Nuclear decline
SIR – Matthew Lynn gives an optimistic view of Britain’s place in the fusion power race (“Britain can be a nuclear fusion superpower if we don’t blow it”, Comment, January 7). He quite rightly points to previous failures to capitalise on leads in nuclear power.
However, I take issue with him over the causes of us falling behind in the past 30 years. The Central Electricity Generating Board (CEGB) learnt the lessons of the 1950s and 1960s, when contracts were placed with several consortiums to build advanced gas-cooled reactor stations. They all independently tried to design, build and commission stations and they all failed. The CEGB had to create a research and development department to salvage the stations, which they did at great cost and with varying degrees of success. They also realised that a future programme required not only technical expertise but also the ability to manage large, complex projects.
After a few false starts, a very successful design and construction department emerged. The model was to provide overall design and control, with the work being done by contractors. They settled on a pressurised water reactor design, which used a well-tried Westinghouse reactor. Construction started on Sizewell B in 1988 and the station went on line in 1995 – built to time and within budget. Ironically it is now owned by EDF Energy, which has a reputation for not building stations in France to time or budget.
Sizewell B was the prototype of what was planned as a series of stations to be built over the following two decades, mainly on sites with existing nuclear licences. Replicating the design would have been cost-effective both in construction and running.
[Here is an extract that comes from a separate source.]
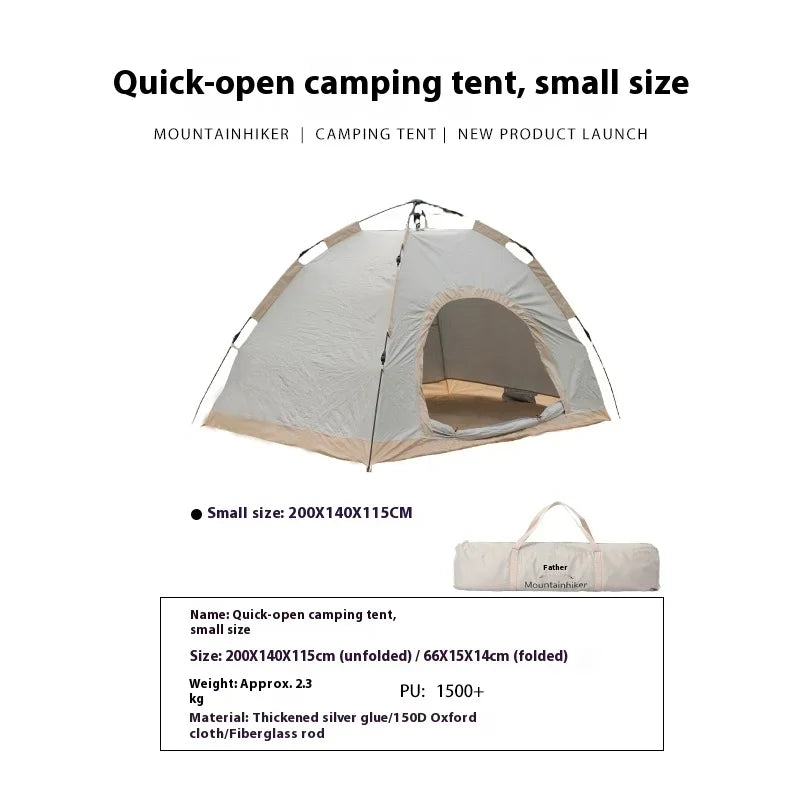 MOUNTAINHIKER Outdoor Tent – Fully Automatic, Quick-Opening, Rainproof & Sun-Resistant (3-4 Person)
If this had happened we would now have a large, basic, carbon-free generating capacity, protected from international fuel costs.
Unfortunately Margaret Thatcher thought she knew better. The programme was scrapped, the CEGB was disbanded and subsequently private companies were encouraged to produce electricity by burning our natural gas supplies. As Mr Lynn says, Tony Blair failed to reverse the trend, but the cost to the taxpayer would have been huge, and the knowledge and organisation had been lost.